In 1979, the expert team of Indian Council of Agricultural Research (ICAR) on the proposal of state government recommended the establishment of an agricultural university for the advancement of the agricultural sector in the state. The Act for the establishment of a university under the name and style of Sher-e-Kashmir University of Agricultural Sciences and Technology was passed by the State Legislature in the 33rd year of the Republic of India on 31 March 1982 which came into force on 1 August 1982 with its jurisdiction over the entire State of Jammu and Kashmir and headquarters at Shalimar, Srinagar.

With the establishment of Sher-e-Kashmir University of Agricultural Sciences and Technology (SKUAST) named after great patriotic leader Jenab Sheikh Mohammad Abdullah (popularly known as Sher-e-Kashmir) the agricultural education, research and extension training units were transferred to SKUAST from development departments of Jammu and Kashmir State—agriculture, animal husbandry, sheep husbandry and sericulture. The university operates on the Land-Grant College concept following the Model Act of SAUs evolved by ICAR. It is a multicampus university.

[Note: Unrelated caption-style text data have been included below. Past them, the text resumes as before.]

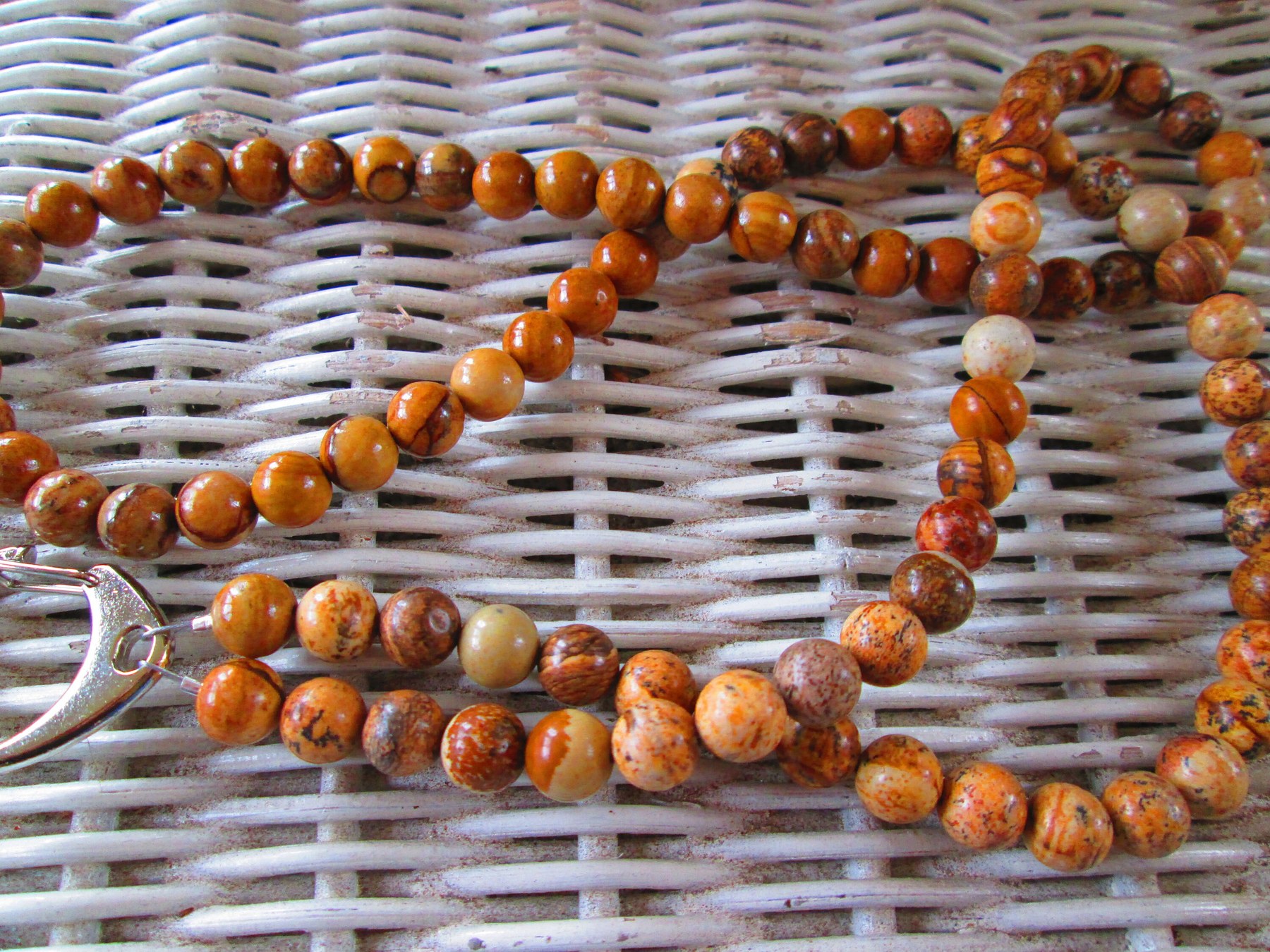 Lanyard, Picture Jasper 8mm lanyard, 849, detail 4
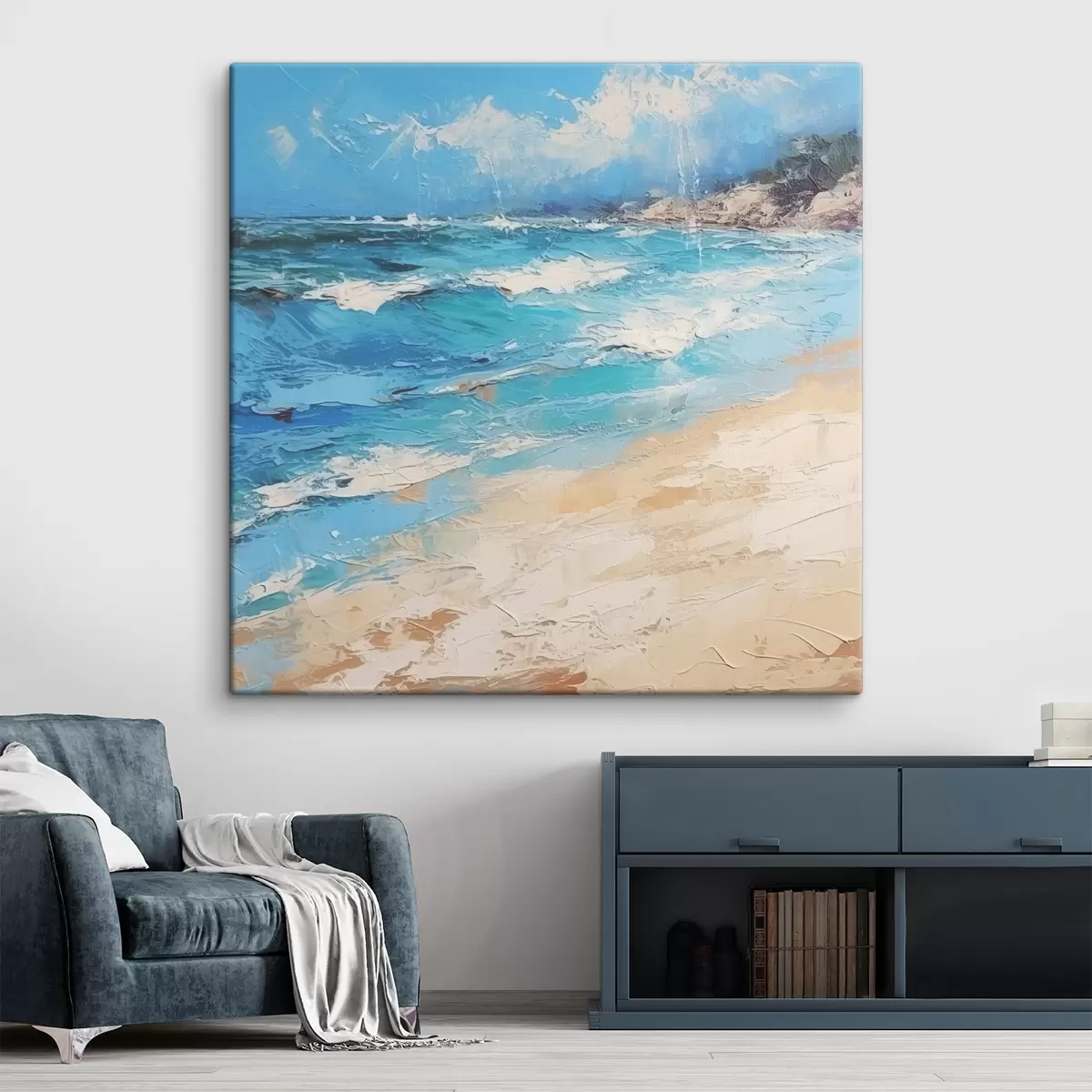 Wandbilder Meer, Wellen, Strand, Sand, Ölgemälde, Abstraktion, Landschaft, Landscape s38910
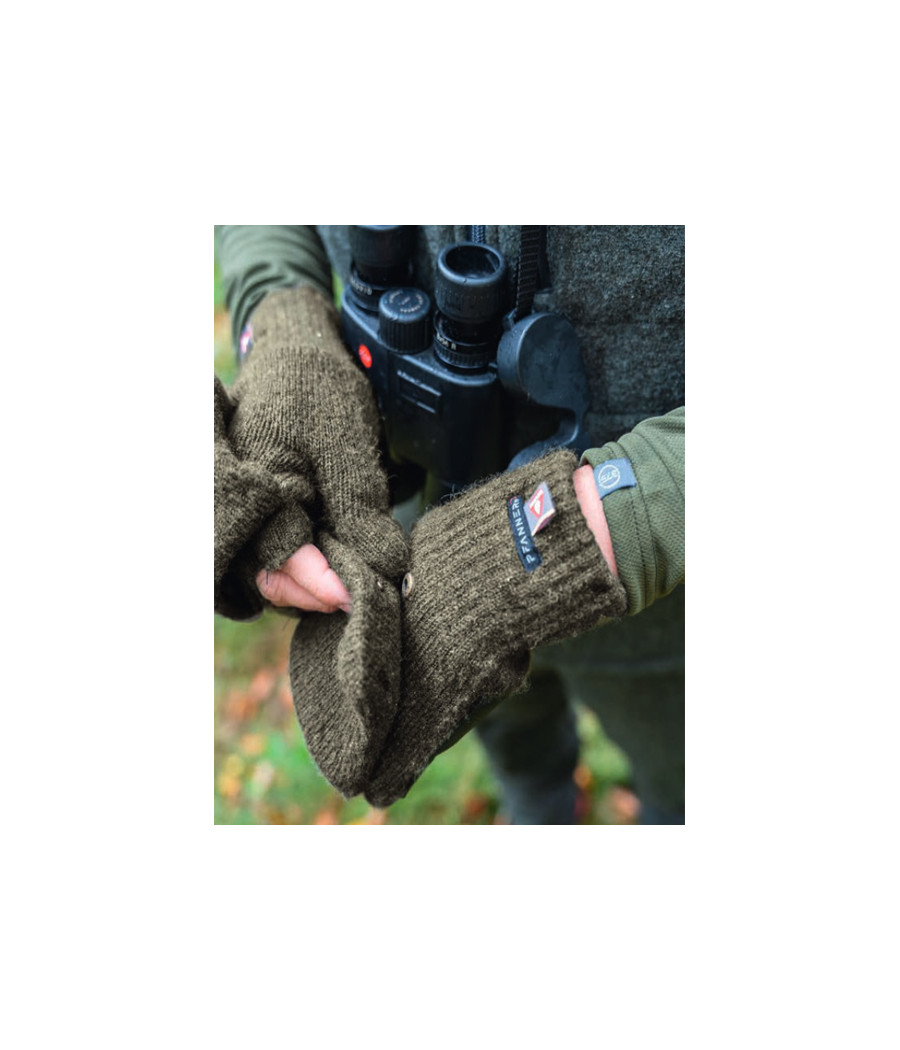 Des gants à la fois moufles pour les temps froids, mais aussi transformables en mitaines si besoin d'utiliser ses doigts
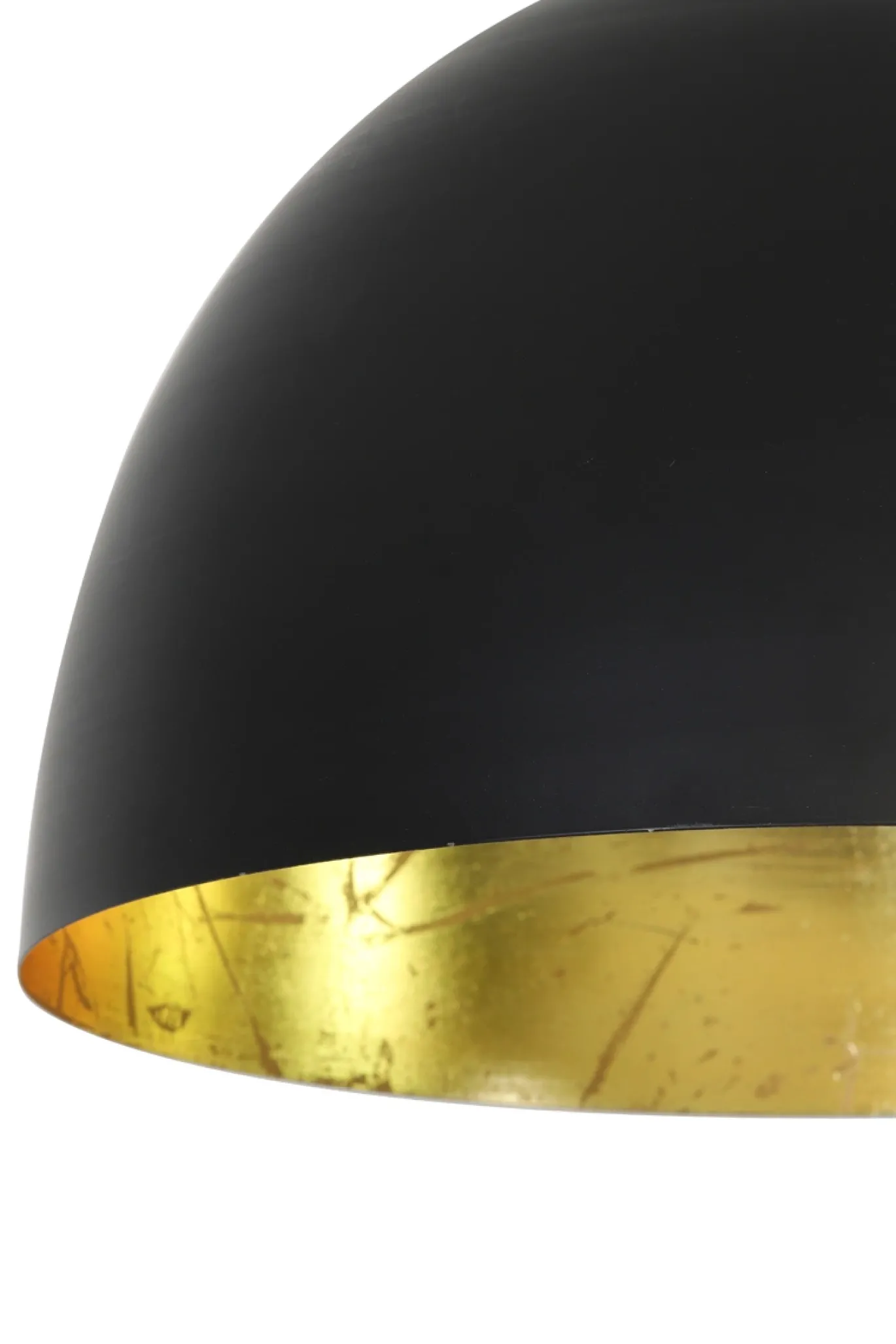Light & Living Hanglamp Kylie Zwart/Goud Ø30cm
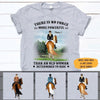 Horses Custom T Shirt There Is No Force More Powerful Than An Old Woman Determined To Ride Personalized Gift - PERSONAL84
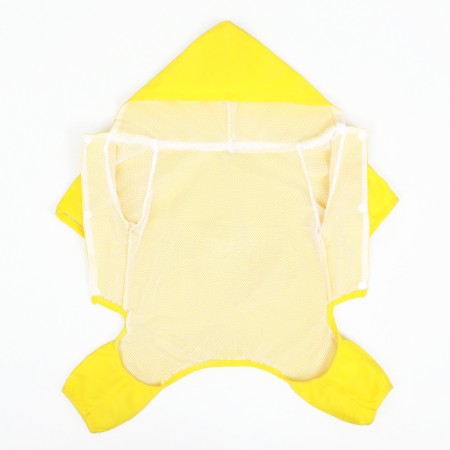 Combiason for dogs, demi -season with a lining, size L (DS 32, OG 48 cm), yellow-9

It is a matter of satisfaction that coherent research infrastructure, relevant educational base and extension education services have given way to an organised institution of SKUAST, which has taken over the responsibility of supporting the state in its effort to develop its agricultural economy in agriculture and allied sectors. There is no doubt that SKUAST has developed faster than many agricultural universities in the country.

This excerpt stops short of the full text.